The scientific method is often summarized this way: research a topic, form a hypothesis, predict something based on that hypothesis, and then test that prediction. If the test results do not conform to the hypothesis, accordingly discard or refine the hypothesis. Either way, devise new tests for the (perhaps new) hypothesis and continue to improve upon it with repeated tests and refinements of hypotheses. Things that cannot be stated in the form of a testable hypothesis are not considered science, and do not factor into the scientific method. Examples of things that do not fall under the purview of science are statements such as: "there is a God," or "the Cubs are cursed." However, one can test the veracity of statements (hypotheses) such as "carbon dioxide can absorb infrared radiation emitted by the Earth," and "there is a better correlation between a pitcher’s FIP (fielding independent pitching) one year and his ERA (earned run average) the following year than there is between his ERA in one year and his ERA in the following year." Such questions and statements fall under the purview of the scientific method, and they’re very useful things to consider because we can make – or in the case of fans, recommend – decisions based on extrapolations from these hypotheses.

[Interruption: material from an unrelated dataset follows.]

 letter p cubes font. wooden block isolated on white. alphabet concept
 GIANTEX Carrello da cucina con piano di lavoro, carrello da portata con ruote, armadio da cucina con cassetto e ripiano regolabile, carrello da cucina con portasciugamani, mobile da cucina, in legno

However, the power of the method is not that it can help make decisions, but that it should always improve the foundations upon which those decisions are made. Adam Dunn, a player at the center of much debate here over the years, is a great example of this. A few years ago many sabermetric Cubs fans – including yours truly – wanted the Cubs to pursue Adam Dunn. We saw the eye-popping OBA (on-base average) and SLG (slugging average) numbers he posted year after year, and thought he would be a great fit for the Cubs’ lineup. Today, most statistically inclined Cubs fans no longer want Dunn in Chicago. Why? Our understanding of baseball has improved. It was once thought that defense contributes relatively little to the value of a player. Furthermore, the ability to determine how value defense had for individual players was poor, and thus relatively inaccessible to the scientific method. A tool was eventually developed (UZR, or ultimate zone rating) that allowed quantitative defensive analysis of players and opened the analysis of defense up to the scientific method. The tool invalidated the hypothesis that defense did not contribute much to a player's value, particularly for extreme cases such as Dunn’s. Now that we have a reliable method of measuring defense, and can ascribe value to players based on that method, we can include it in our evaluation of the player. In short: we're better at this evaluation thing than we were a few years ago, thanks to those that developed UZR and other defensive metrics.

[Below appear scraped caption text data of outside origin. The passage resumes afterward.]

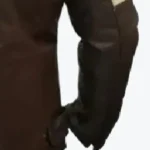 Men Distressed Cruiser Stripes Leather Jacket Brown Sleeves Rare Jacket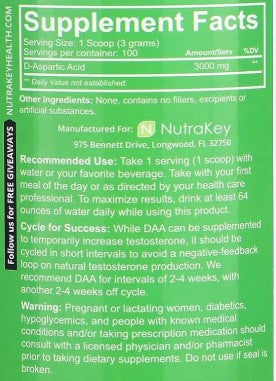 D-Aspartic Acid Powder 300g by Nutrakey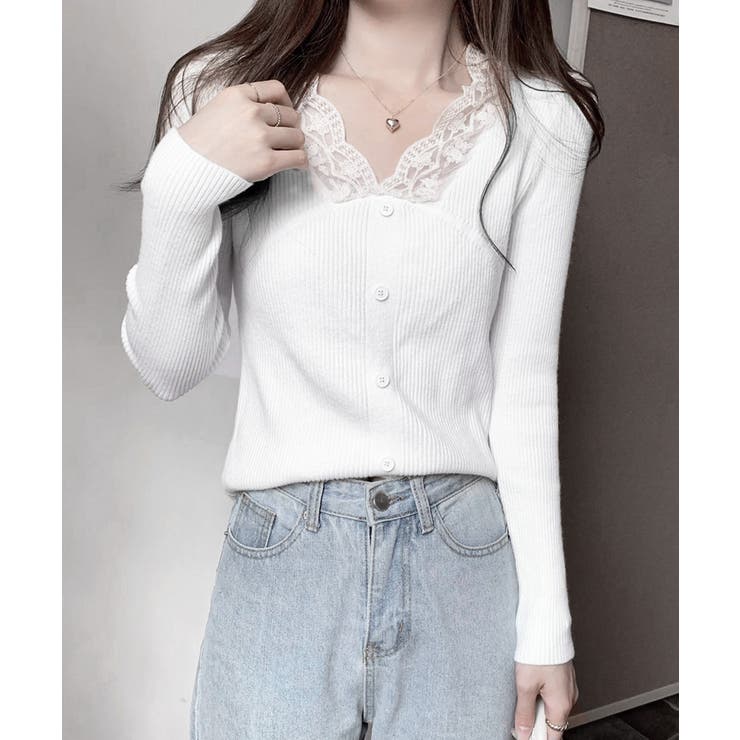 ニットトップス Vネック レース切替え | Miniministore | 詳細画像2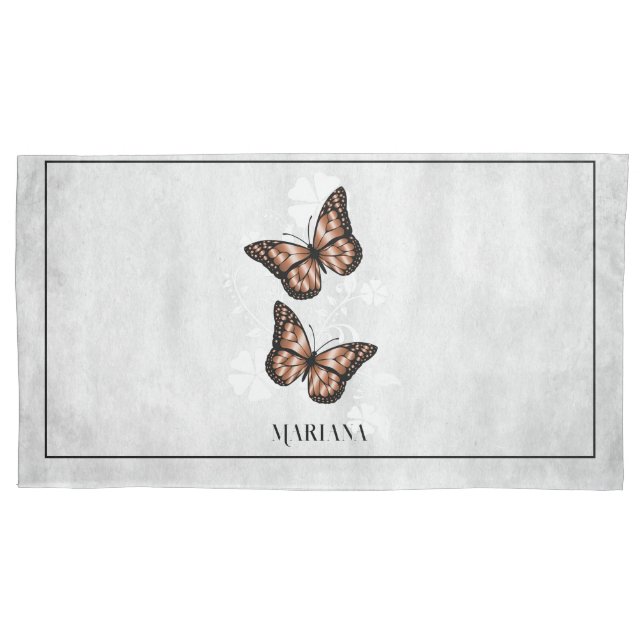 Copper Butterfly Floral Pillow Case (Front)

The degree to which Dunn was overvalued also serves as an example of something else: scientists and sabermetricians are going to be wrong, but yet seem to be persistent in their claims that "they know best." This isn’t necessarily ego (but it admittedly can be). We have a high degree of confidence in recommendations and projections because they are the result of a mountain of past work, very little of which is our own. That’s not to say we expect these recommendations and projections to always be right. On the contrary, we expect them to be inaccurate and treasure our mistakes as opportunities to refine hypotheses and devise new tests for them. Additionally, the best science will present uncertainties alongside measurements and projections, thereby admitting the likelihood that they will be "wrong." Those uncertainties give us an idea of just how wrong we are likely to be, and that gives us some semblance of confidence. (In fact, we call the degree of uncertainty a "confidence level.") What's more, because those uncertainties are known (more or less), there's a limit to how wrong they are likely to be. That's not true when it comes to predictions, opinions, and judgements based on one person's subjective analysis of a situation.
Ultimately, our confidence and arrogance isn’t about being right about everything… but instead comes from the knowledge that when averaged over time, projections and recommendations that follow from application of the scientific method will be better than those based primarily on one person’s conjecture. That’s where I (and others, I think) are coming from, and why I hope you understand we can come off as "know it all's" from time to time. It’s not that we know it all or think we do… It's that the products and tools that arise from a community that applies the scientific method is something to trust over any one person’s opinion, including our own.